Fri 30 Jan 2009
Filed under: News,Opinion,Other
In Nineteen Eighty-Four, George Orwell writes of a fictional totalitarian regime that controls the masses through propaganda and government institutions named as antonyms. For example, The Ministry of Peace wages constant war, while the Ministry of Plenty is charged with rationing food and goods. Albeit, being a novel aimed at warning about the dangers of totalitarianism, of which Orwell witnessed during the Second World War, its fictional account holds validity in our own era.
Through the use of an Orwellian antonym, the government of Burma is officially known as the “State Peace and Development Council”, LINK In truth, Burma, also known as Myanmar, is ruled by a military Junta, who controls the country through the oppression of its people.
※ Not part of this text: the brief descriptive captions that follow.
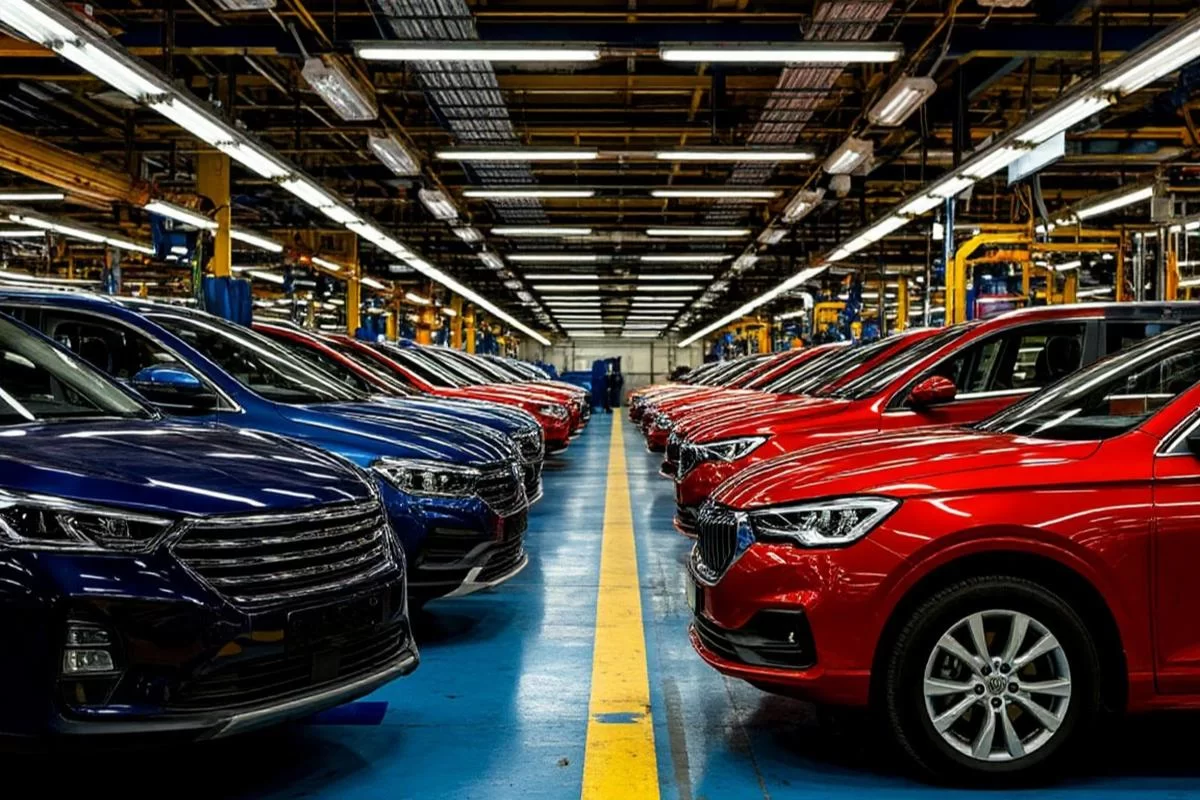 «Новый русский люкс»: завод Toyota в Шушарах оживет через месяц и начнёт штамповать тысячу Aurus в год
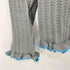 ローズバッド ROSE BUD 26SS RUFFLED KNIT CARDIGAN ラッフルドニットカーディガン レディース ONE SIZE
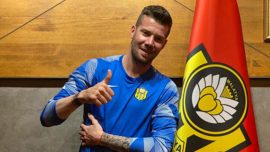 Yeni Malatyaspor Herrera'nın sözleşmesini feshetti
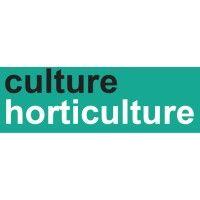 culture horticulture logo image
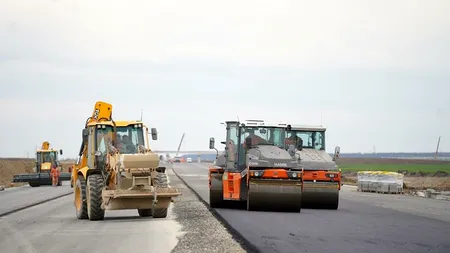 VIDEO | Sorin Grindeanu: ”Am verificat lucrările pe şantierul Lotului 2 din A0 Nord, unde antreprenorul român are o mobilizare exemplară!”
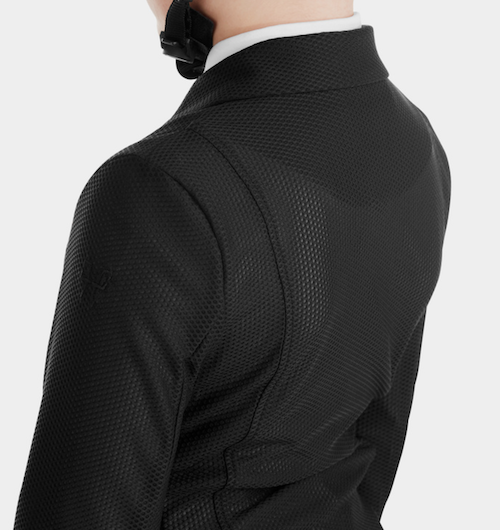 ホースパイロット　エアロメッシュジャケットJr.（Boy）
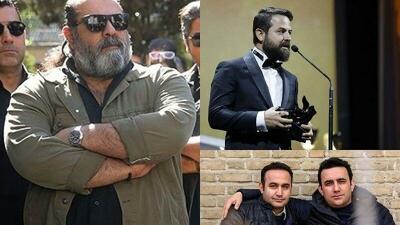  هومن سیدی با «وجه ۳» و برادران محمودی با «یل» می‌آیند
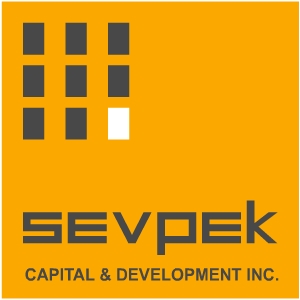 Логотип компании Sevpek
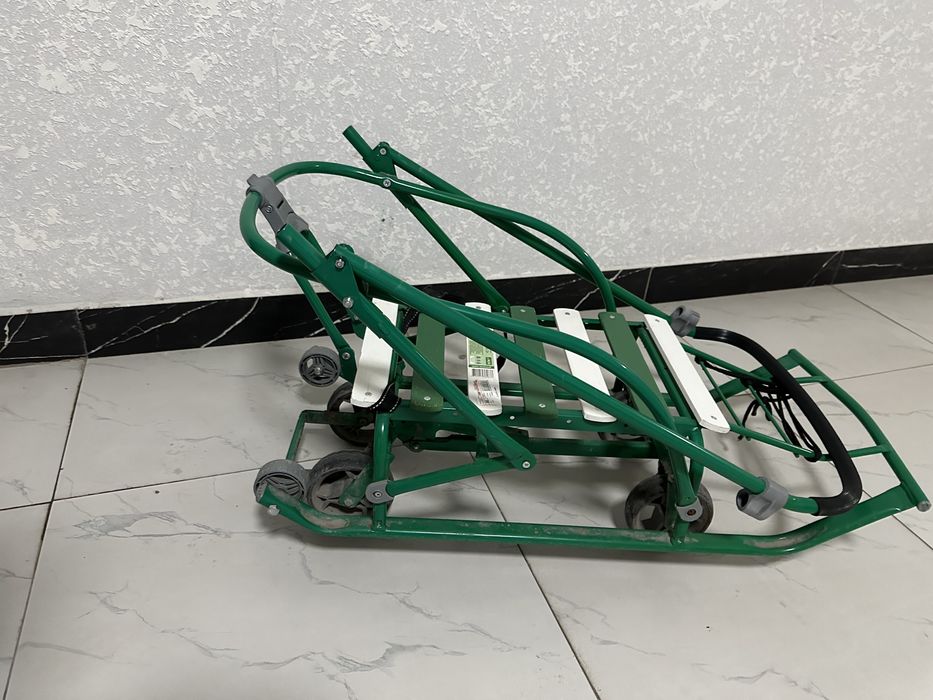 Санки детский 2 местный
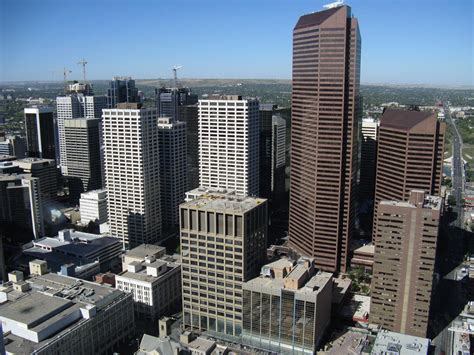 20 Tallest Buildings In Calgary Right Now News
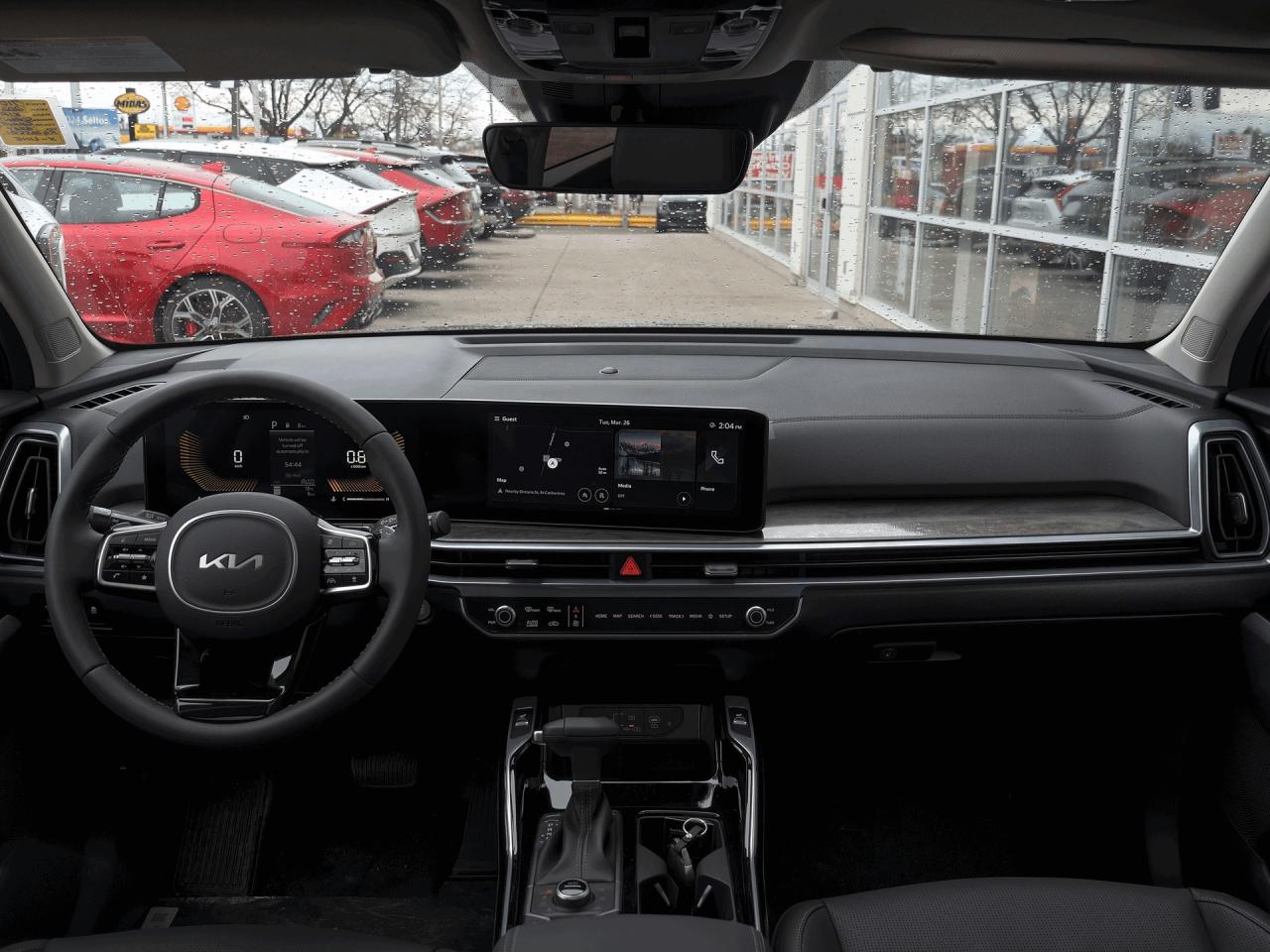 2025 Kia Sorento X-Line AWD   Demonstrator Photo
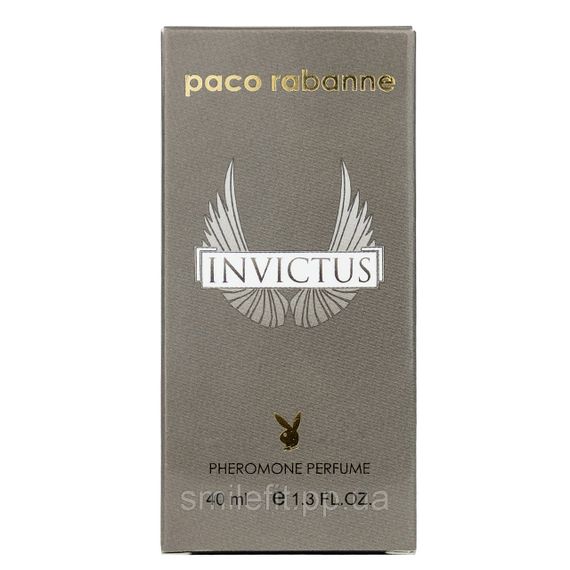 Rabanne Invictus Pheromone Parfum мужской 40 мл | Зображення 4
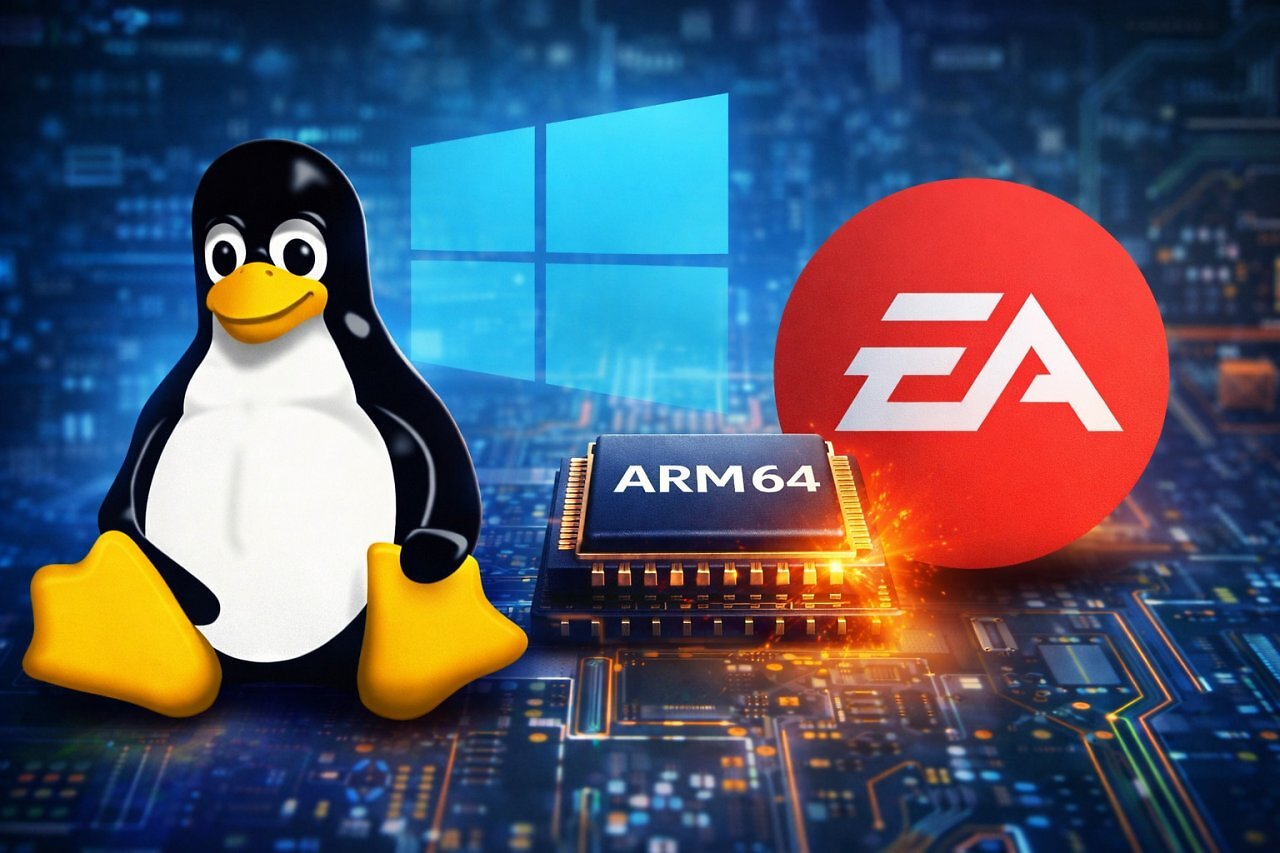 [04/03/2026] Es gibt Hinweise auf ARM64- und Linux-Treiber für das eigene Anti-Cheat-System Javelin von EA.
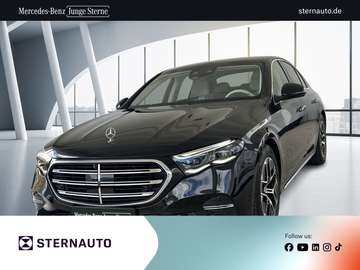 E 220 d EXCLUSIVE/Distronic/Kamera/Memory/Navi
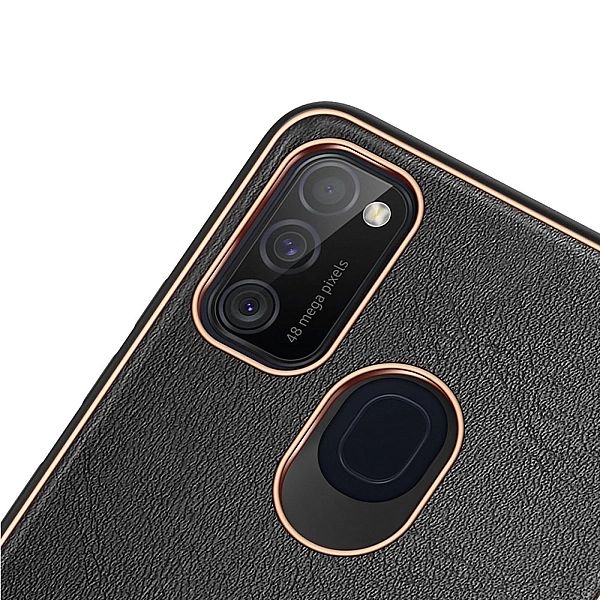 Dux Ducis Yolo eleganckie etui pokrowiec ze skóry ekologicznej Samsung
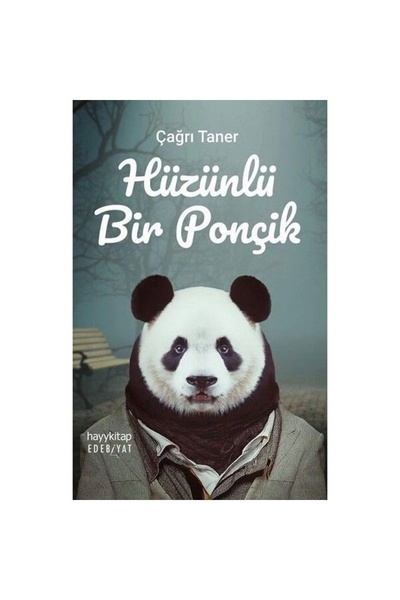 hayykitap Hüzünlü Bir Ponçik - Çağrı Taner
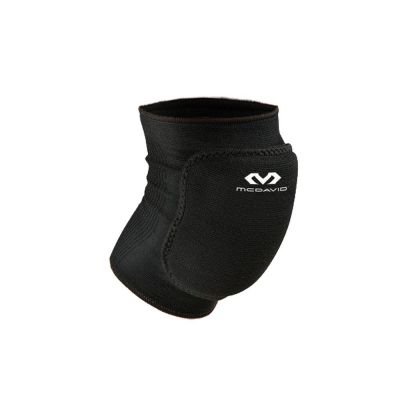 2. McDavid Jumpy Knee Pad - 2 pcs black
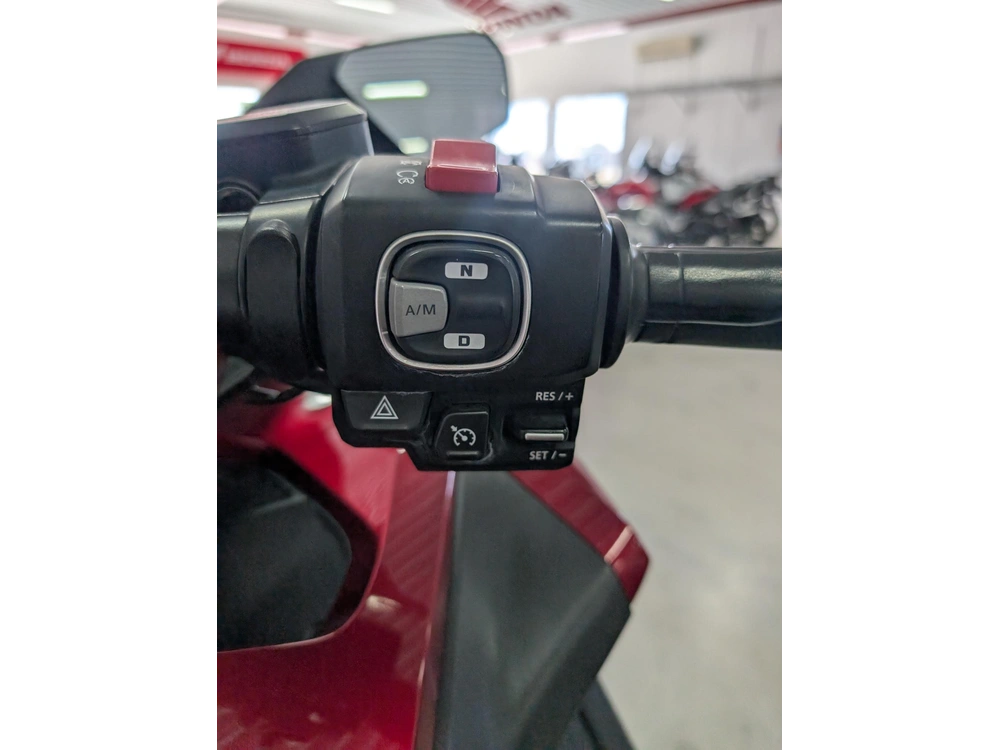 Honda Goldwing 1800 Dct Tour 2018 alt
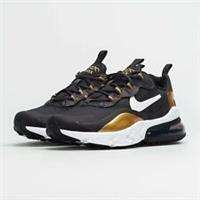 NIKE AIR MAX 270 REACT (GS) YOUTH SIZE UK 4.5 EUR 37.5 (BQ0103 005)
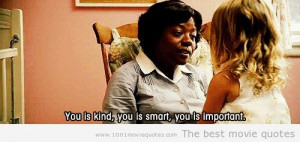 The Help (2011) | 1001 Movie Quotes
The Junta has been accused of perpetual human rights abuses, namely forced labour camps and suppressing democratic reforms. For example, the “State Peace and Development Council” forces scores of citizens, through threats of violence and imprisonment, to toil for a foreign company in the extraction and production of oil. Furthermore, within the Southeast portion of Burma, forced labour is being used to aid in the construction of a large-scale pipeline, which is being constructed by a number of oil corporations from various nations.
Unlike Nineteen Eighty-Four, the situation in Burma is not bound by page numbers. Ending the oppression will take international action beyond the efforts of the United Nations. The international community cannot depend on the UN to issue continual resolutions against the “State Peace and Development Council”. Burma will be reformed through direct intervention. Democracy will be given to the people of Burma through physical pressure, as opposed to constant condemnation.